D’après elle, la nécessité de cette campagne repose sur une reconfiguration radicale des usages, des relations aux autres et des rapports au travail avec une importante dépendance aux outils numériques. Surtout après que le contexte sanitaire actuellement lié au Coronavirus (Covid-19) ait semé désolation et désarroi.

Qui dit numérique dit également cyber menace. Avec cette campagne, les autorités camerounaises visent à  éveiller l’attention des citoyens sur les menaces en provenance du cyberespace mondial et  susciter leur adhésion dans la mise en place de mesures de cyber sécurité.

Il est également question d’attirer l’attention des décideurs et responsables des structures de l’Etat ainsi que des entreprises, en vue d’une prise de conscience et de l’implémentation des protocoles de sécurité des réseaux.

Mais également de sensibiliser toutes les couches sociétales sur l’usage responsable des réseaux sociaux qui sont utilisés de plus en plus à des fins malveillantes.

Entre aussi en compte la mise en place d’une coalition nationale de promotion d’un usage citoyen des réseaux sociaux.

6 milliards de FCFA perdus en 2019

Hier également s’est ouvert le Forum de la société civile sur les questions relatives à la cyber sécurité au Cameroun.
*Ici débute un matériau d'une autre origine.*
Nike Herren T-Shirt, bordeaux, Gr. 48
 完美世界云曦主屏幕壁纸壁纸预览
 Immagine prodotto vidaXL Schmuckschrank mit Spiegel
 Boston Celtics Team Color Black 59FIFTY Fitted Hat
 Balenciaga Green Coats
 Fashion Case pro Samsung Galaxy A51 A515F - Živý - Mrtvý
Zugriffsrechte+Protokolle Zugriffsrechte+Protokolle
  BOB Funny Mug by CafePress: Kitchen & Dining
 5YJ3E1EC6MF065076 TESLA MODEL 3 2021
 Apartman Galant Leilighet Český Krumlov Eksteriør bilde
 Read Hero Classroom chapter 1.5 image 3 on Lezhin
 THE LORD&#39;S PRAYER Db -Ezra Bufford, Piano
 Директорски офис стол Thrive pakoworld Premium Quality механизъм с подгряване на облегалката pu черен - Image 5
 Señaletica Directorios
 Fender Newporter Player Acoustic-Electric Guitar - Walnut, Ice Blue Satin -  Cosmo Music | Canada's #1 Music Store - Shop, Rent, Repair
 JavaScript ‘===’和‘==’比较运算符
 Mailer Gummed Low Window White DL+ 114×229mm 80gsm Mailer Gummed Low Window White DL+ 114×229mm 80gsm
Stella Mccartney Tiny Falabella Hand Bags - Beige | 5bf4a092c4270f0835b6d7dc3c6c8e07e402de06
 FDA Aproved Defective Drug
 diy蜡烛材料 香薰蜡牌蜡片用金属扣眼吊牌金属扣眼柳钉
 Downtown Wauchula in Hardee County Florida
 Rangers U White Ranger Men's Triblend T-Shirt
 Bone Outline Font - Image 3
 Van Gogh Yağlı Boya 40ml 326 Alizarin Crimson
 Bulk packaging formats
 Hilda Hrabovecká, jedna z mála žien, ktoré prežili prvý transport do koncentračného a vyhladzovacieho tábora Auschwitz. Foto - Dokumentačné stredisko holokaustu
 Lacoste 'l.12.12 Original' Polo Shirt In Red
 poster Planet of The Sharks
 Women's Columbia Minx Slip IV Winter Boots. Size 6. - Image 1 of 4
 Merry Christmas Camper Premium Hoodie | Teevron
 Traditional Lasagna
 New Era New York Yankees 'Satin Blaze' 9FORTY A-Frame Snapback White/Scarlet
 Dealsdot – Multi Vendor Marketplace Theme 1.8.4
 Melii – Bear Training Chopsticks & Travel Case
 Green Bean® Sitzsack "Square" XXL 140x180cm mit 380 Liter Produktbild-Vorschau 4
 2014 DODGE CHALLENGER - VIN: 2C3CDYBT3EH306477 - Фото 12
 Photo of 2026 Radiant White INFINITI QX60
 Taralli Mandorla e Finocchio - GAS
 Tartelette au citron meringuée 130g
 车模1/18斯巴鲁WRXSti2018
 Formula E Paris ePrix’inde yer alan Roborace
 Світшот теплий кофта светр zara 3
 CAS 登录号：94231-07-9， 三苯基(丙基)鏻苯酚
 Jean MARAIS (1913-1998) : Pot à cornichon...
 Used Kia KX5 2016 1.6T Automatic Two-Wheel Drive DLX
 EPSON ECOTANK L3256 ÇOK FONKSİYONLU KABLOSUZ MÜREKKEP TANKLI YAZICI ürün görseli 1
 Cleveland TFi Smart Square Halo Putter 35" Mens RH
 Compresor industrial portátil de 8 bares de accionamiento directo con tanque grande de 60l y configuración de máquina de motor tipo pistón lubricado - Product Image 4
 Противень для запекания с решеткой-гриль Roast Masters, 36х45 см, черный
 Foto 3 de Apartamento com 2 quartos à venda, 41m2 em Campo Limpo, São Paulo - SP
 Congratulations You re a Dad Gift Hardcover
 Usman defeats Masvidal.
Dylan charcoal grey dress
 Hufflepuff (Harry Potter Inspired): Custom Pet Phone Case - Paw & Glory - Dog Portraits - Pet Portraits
Ce, dans l’optique de construire une coalition digitale autour du sujet. À cette occasion les acteurs de ladite société ont préconisé la création d’une entité nationale d’intelligence cybernétique et le renforcement des capacités des équipes du centre d’alerte et de réaction aux attaques informatiques de l’ANTIC.

L’attention portée sur la cybercriminalité au Cameroun est d’autant plus importante que par escroquerie aux faux ordres de virement (Fovi), technique privilégiée par les cybercriminels, 6 milliards de FCFA ont déserté les caisses du pays en 2019. Soit près de la moitié supérieure aux 14 milliards de FCFA débloqués pour combattre ce fléau entre 2016 et 2017 dans le pays.

D’après l’ANTIC relayée par l’Agence Ecofin, les cybercriminels sont parvenus à ce résultat en procédant par des demandes de virements non planifiées à caractère urgent et confidentiel, des changements de coordonnées téléphoniques ou d’emails mais aussi en passant par un usurpateur se faisant passer pour un membre d’une société.

Plusieurs facteurs ont été propices à leurs procédés. Notamment des stratégies de cybersécurité non harmonisées au sein des différentes structures, les référentiels et mesures correctives proposées par l’ANTIC non respectés et un cadre multi acteur de gouvernance de la sécurité des systèmes d’information absent.

Sont aussi en cause, le manque de stratégie opérationnelle de communication digitale et le non-respect de la loi. Précisément celle sur la collecte des données de trafic et à l’identification des abonnés par les opérateurs.